The caste system led not only to stagnation and obscurantism but also to bleak traditionalism - undemocratic and authoritarian in the extreme. Hinduism's caste hierarchy based on social and legal inequities, was held to be divinely ordained. At the apex of the social pyramid stood the Brahmins who monopolized the right to act as priests and for exclusive access to all higher religious and secular learning. At the base swarmed the mass of shudras, the untouchables. To them the caste system, sanctified by Hindu religion and enforced by coercive power, had assigned the duty of serving all other castes. They were constrained to follow, under threat of severe penalty, such low vocations as scavenging, tanning and the like. Infringement of caste rules was a crime not only against caste but also against religion.

The upper classes had such frivolous pastimes as kite-flying, bird-fights, obscene jatras, cheap theater, base musical performances and so on. They had no interest in higher pursuits and could hardly read and write. The masses were all the more ignorant and superstitious. But they were honest, religious in the traditional sense and frugal in their way of life.

Six hundred years of Islamic authority over the Indo-Gangetic plain had left Hinduism in a state of depression. It was the religion of a subject race. It had no central direction, organisation and hardly any leadership. Religion, then, was marked with sacrificial rites and ostentation. The study of Vedas and Upnishads had become almost extinct. Irrational orthodoxy and ritualism prevailed. Even most of the Brahmins were practically illiterate. Some of them had studied Nyaysastra and Smriti, but few could explain Vedic prayers. Morality and religious norms had reached their lowest ebb. As B.N. Dutta writes, the term Hinduism "was used to denote a jumble of various Brahmanic rites of a later origin, Mahayanist ceremonies and beliefs, Buddhist tantric rites, Buddhist sahajyanist customs, totemistic notions of purity and taboo in matters of touch and smell, non-Aryan customs and ceremonies, beliefs in witchcraft and sorcery - all were known as Hinduism".

Islam, obviously, had failed to touch even a fringe of Hindu society, despite its weapon of proselytization. It is indicated by the continued belief in a number of gods, image worship, ritualism, dominance of hereditary priests, the extant cults, aversion to spiritual practices (yoga) as well as the common man's faith in witchcraft and tantric practices. Religion as a source of moral purity and spiritual force, as preached by the medieval saints, had long ceased to exercise any influence over a large section of the people before the dawn of Indian renaissance in the nineteenth century. To make things worse, callousness to human suffering arising out of blind adherence to old practices such as hook-swinging seemed to have been the order of the day. J.N. Sarkar observes : "Religion in the eighteenth century had become the handmaid of vice and folly.

The Muslims, shorn virtually of all power, steadily found themselves in a hopeless state of frustration and despondency.
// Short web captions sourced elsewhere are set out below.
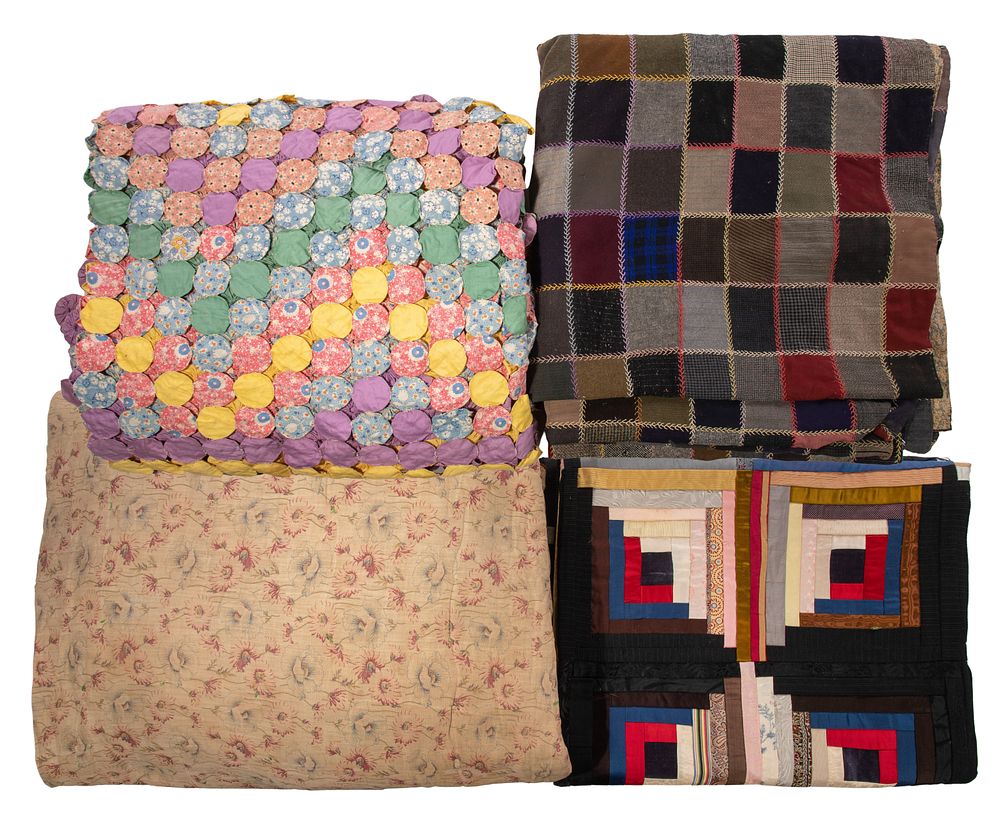 Lot 359: Quilt Assortment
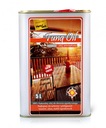 HartzLack Tung Oil - olej na drevo 5l, BEZFAREBNÝ
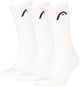 Head – Unisex – Sportsocken für alle Sportarten – Training – 3er-Pack – Größe 35–38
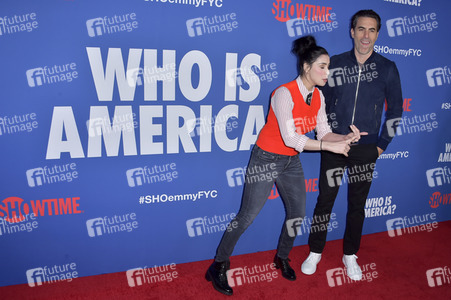 FYC Event 'Who Is America?' in Los Angeles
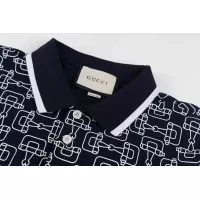 $41.00 USD Gucci T-Shirts Short Sleeved For Men #1303050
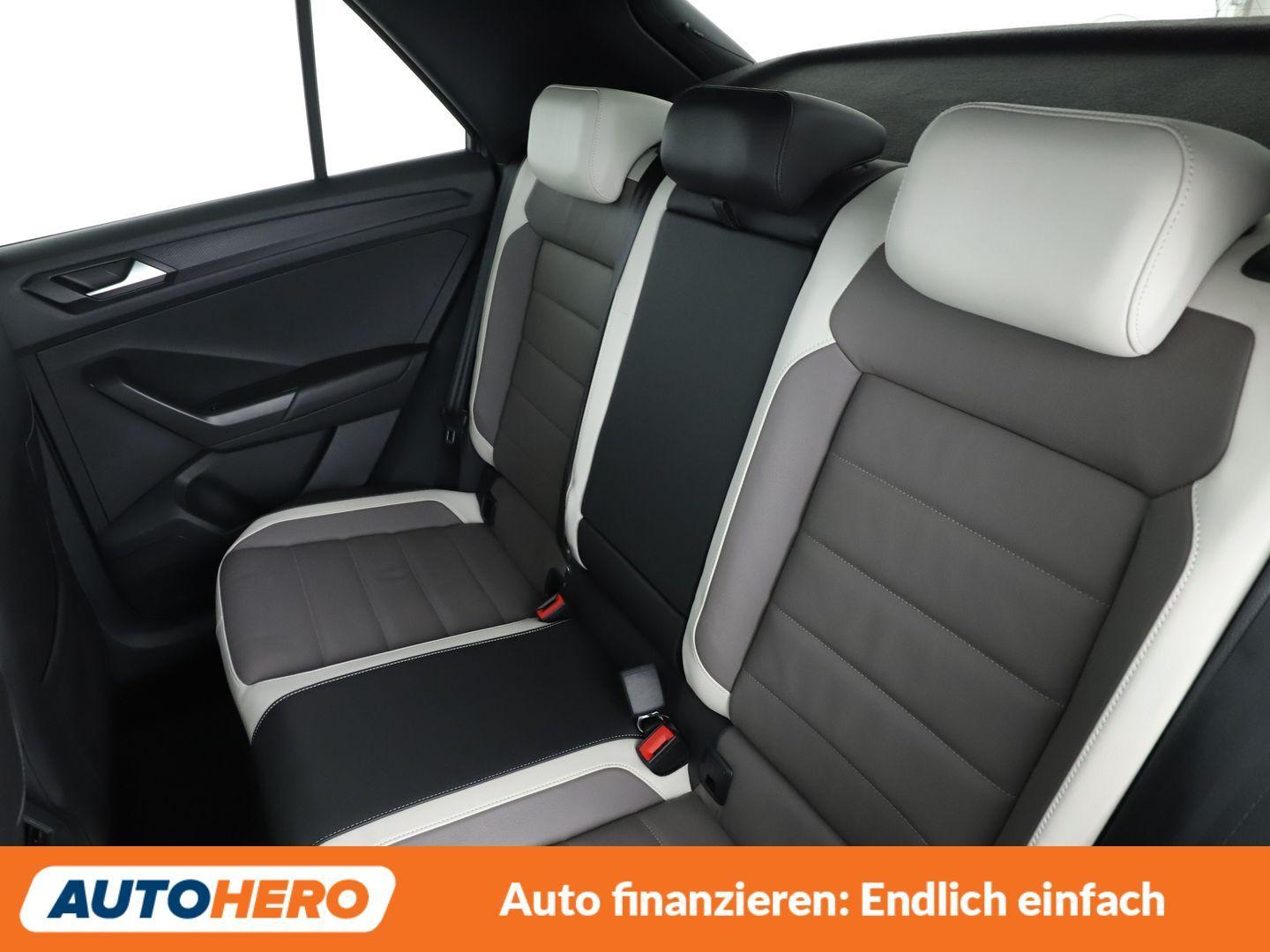 Volkswagen T-Roc 2.0 TSI Sport 4Motion Aut. *NAVI*VC*LED*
The early Muslims had maintained intimate contact with Islam in its original home and had purged themselves of almost all non-Islamic influences. But with the passage of time their beliefs and social customs underwent change and the pristine purity of Islam was diluted under the influence of Hinduism. Muslim leaders, therefore, wanted their community to shake off manners and customs which were alien to Islam.

The Sufi mystics attracted most of those who drifted away form the original Islam. However, even Sufism later degenerated into rank superstition and blind worship of Pirs at the instance of unscrupulous Muslim priests. Shah Waliullah, a revivalist of the eighteenth century, was deeply distressed by the decline of Indian Islam, which was slowly departing from some of its original practices and unconsciously adopting those of the Hindus. It was particularly so with new converts who retained not only their Hindu background but also continued to adhere to some of their beliefs and superstitions. A majority of Muslims feared the impact of Western influence and English education. They nourished irrational prejudices against new forces and denied themselves opportunities of material progress and intellectual enlightenment.